# WORK INSTRUCTIONS:
Begin your transcription at the line containing "Front view of" and continue it, word for word, to the final line below. Include only those lines and skip the pictures.

——

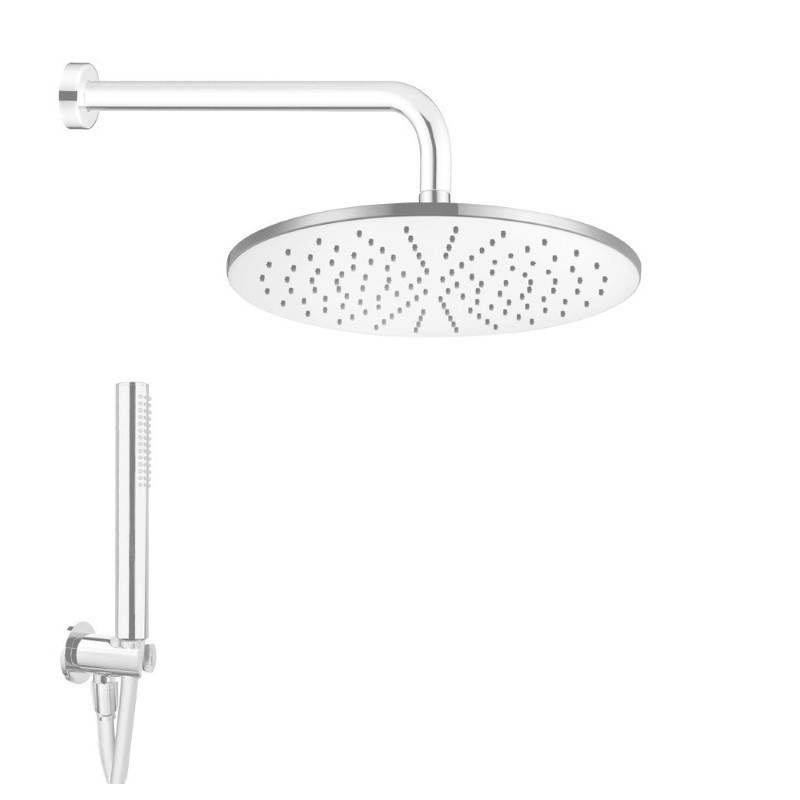 CLASS TONDO BIANCO kit soffione con presa acqua e doccia. Soffione diam.200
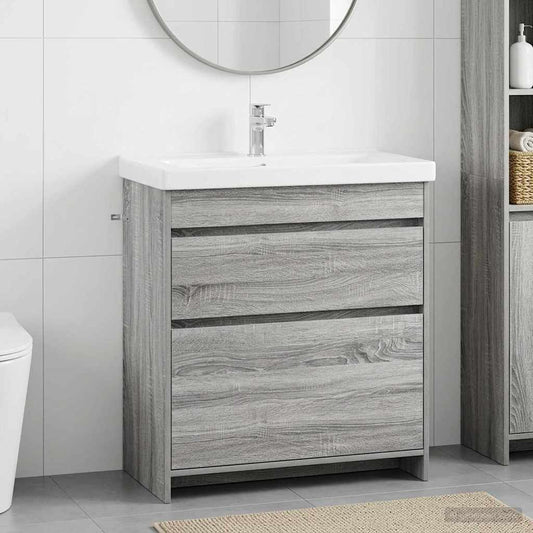 vidaXL Bathroom Under Sink Cabinet Grey Sonoma 78.5 x 37.5 x 81 cm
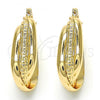 Oro Laminado Small Hoop, Gold Filled Style Greek Key Design, Polished, Golden Finish, 02.261.0033.20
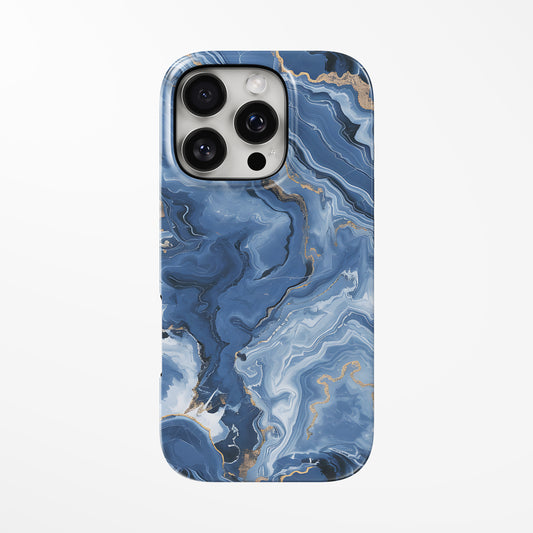 Front view of light-blue Celestial Waves MagSafe iPhone Tough Case by Marivor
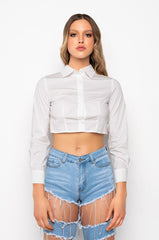 LIL BIT OF BLING CROPPED OPEN BACK POPLIN BLOUSE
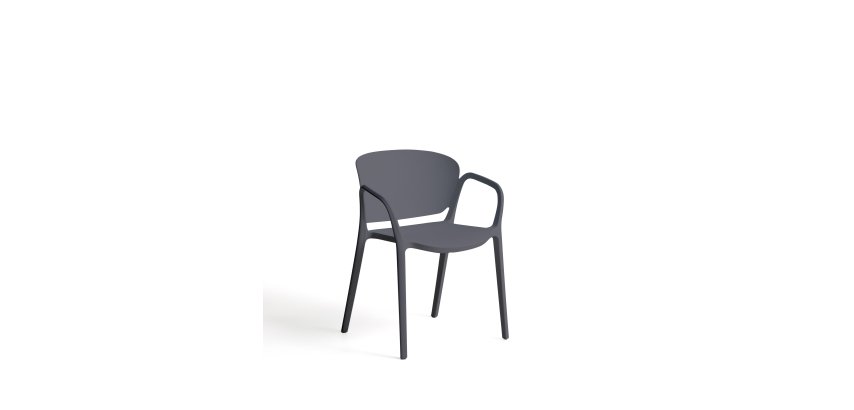 DE_Chaise empilable d’extérieur Ania gris foncé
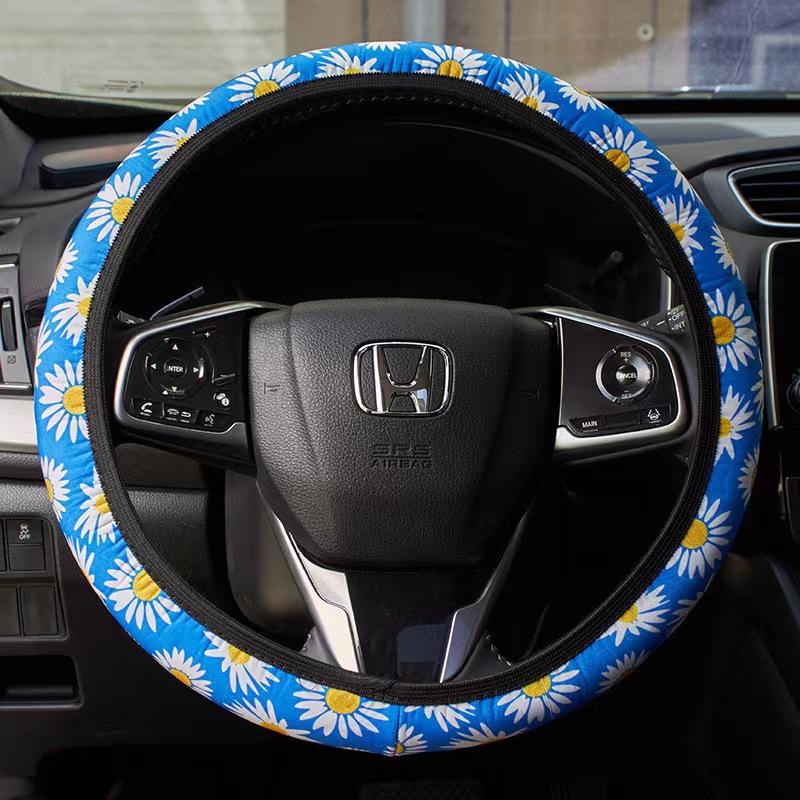 Universal Ice Silk Car Steering Wheel Cover - All-Season Fabric Protection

——

# OUTPUT OF THE TASK:
 Front view of light-blue Celestial Waves MagSafe iPhone Tough Case by Marivor
 LIL BIT OF BLING CROPPED OPEN BACK POPLIN BLOUSE
 DE_Chaise empilable d’extérieur Ania gris foncé
 Universal Ice Silk Car Steering Wheel Cover - All-Season Fabric Protection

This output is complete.